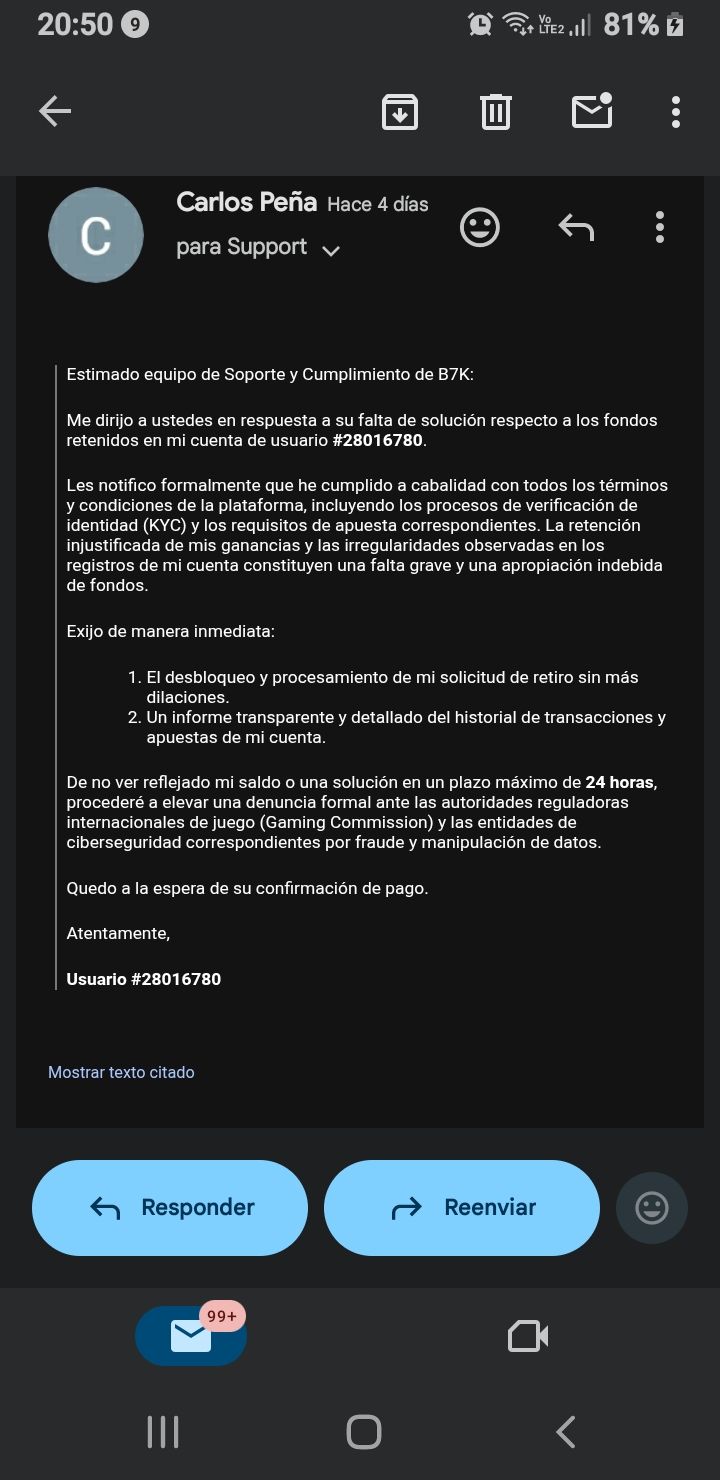 Screenshot_20260520-205034_Gmail.jpg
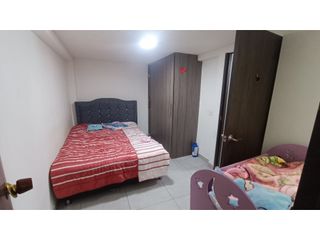 Foto 7 de CASA EN VENTA, SECTOR TOBERIN, PRECIO NEGOCIABLE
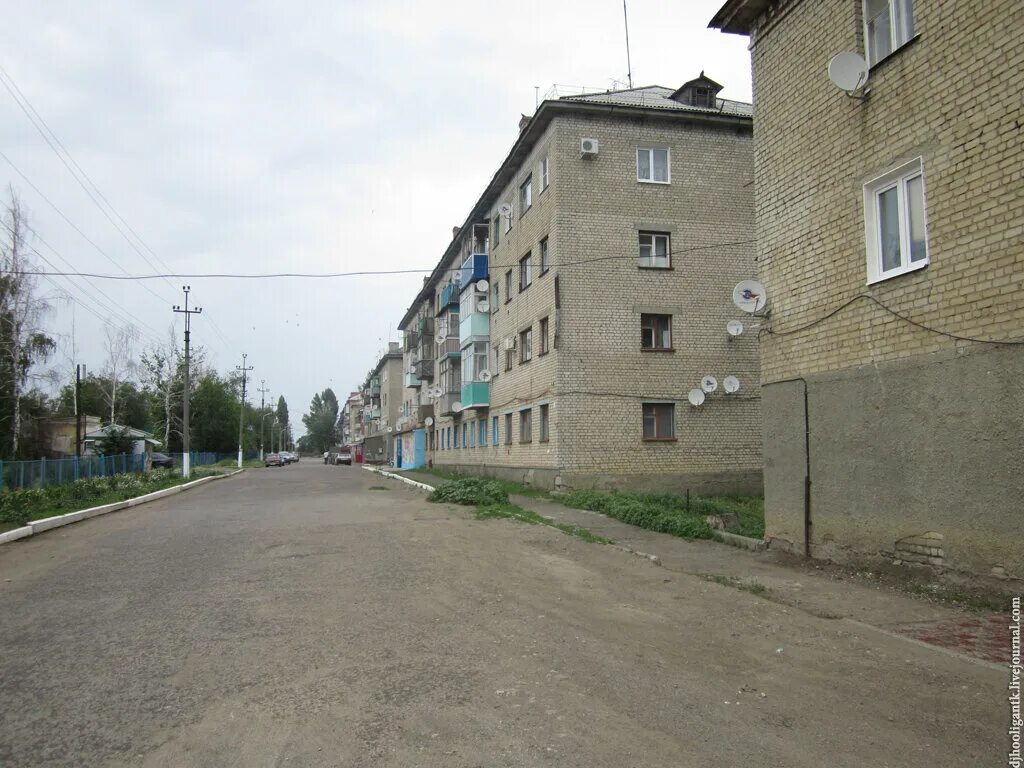 залинейная 22 е психдиспансер вологда. вологда улица залинейная 22е. кувшиново вологда психиатрическая больница 17 отделение. залинейная 22 е психдиспансер вологда. психиатрическая больница вологда залинейная 22е.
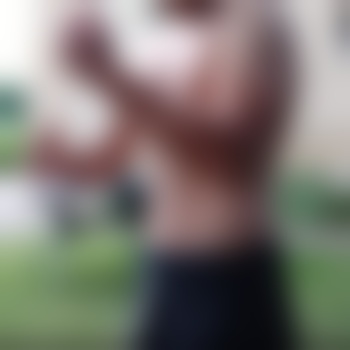 Youngmen69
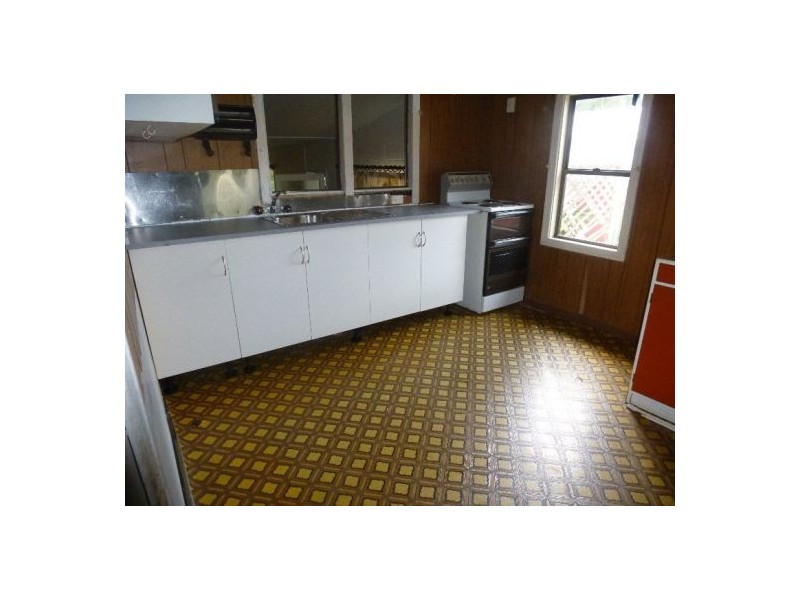 42 Evans Road, Bramston Beach QLD 4871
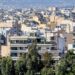 Υπουργείο Παιδείας: Αυξημένο κατά 115% το Φοιτητικό Στεγαστικό Επίδομα – Λήγει την Παρασκευή 31 Ιουλίου, η προθεσμία υποβολής αιτήσεων - ertnews.gr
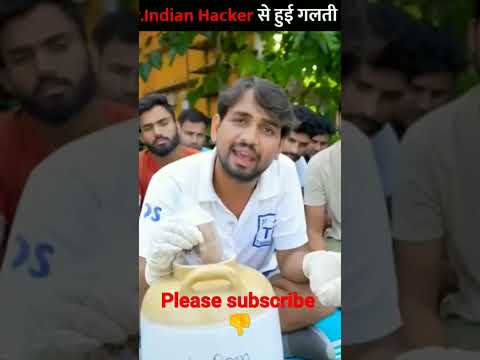 #factsinhindi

____

• [What is needed]: Your answer must be an exact copy of the lines from the line with "залинейная 22 е психдиспансер вологда. вологда" to the final line of the data, both ends included, and no pictures.

• [Result]:
 залинейная 22 е психдиспансер вологда. вологда улица залинейная 22е. кувшиново вологда психиатрическая больница 17 отделение. залинейная 22 е психдиспансер вологда. психиатрическая больница вологда залинейная 22е.
 Youngmen69
 42 Evans Road, Bramston Beach QLD 4871
 Υπουργείο Παιδείας: Αυξημένο κατά 115% το Φοιτητικό Στεγαστικό Επίδομα – Λήγει την Παρασκευή 31 Ιουλίου, η προθεσμία υποβολής αιτήσεων - ertnews.gr
 #factsinhindi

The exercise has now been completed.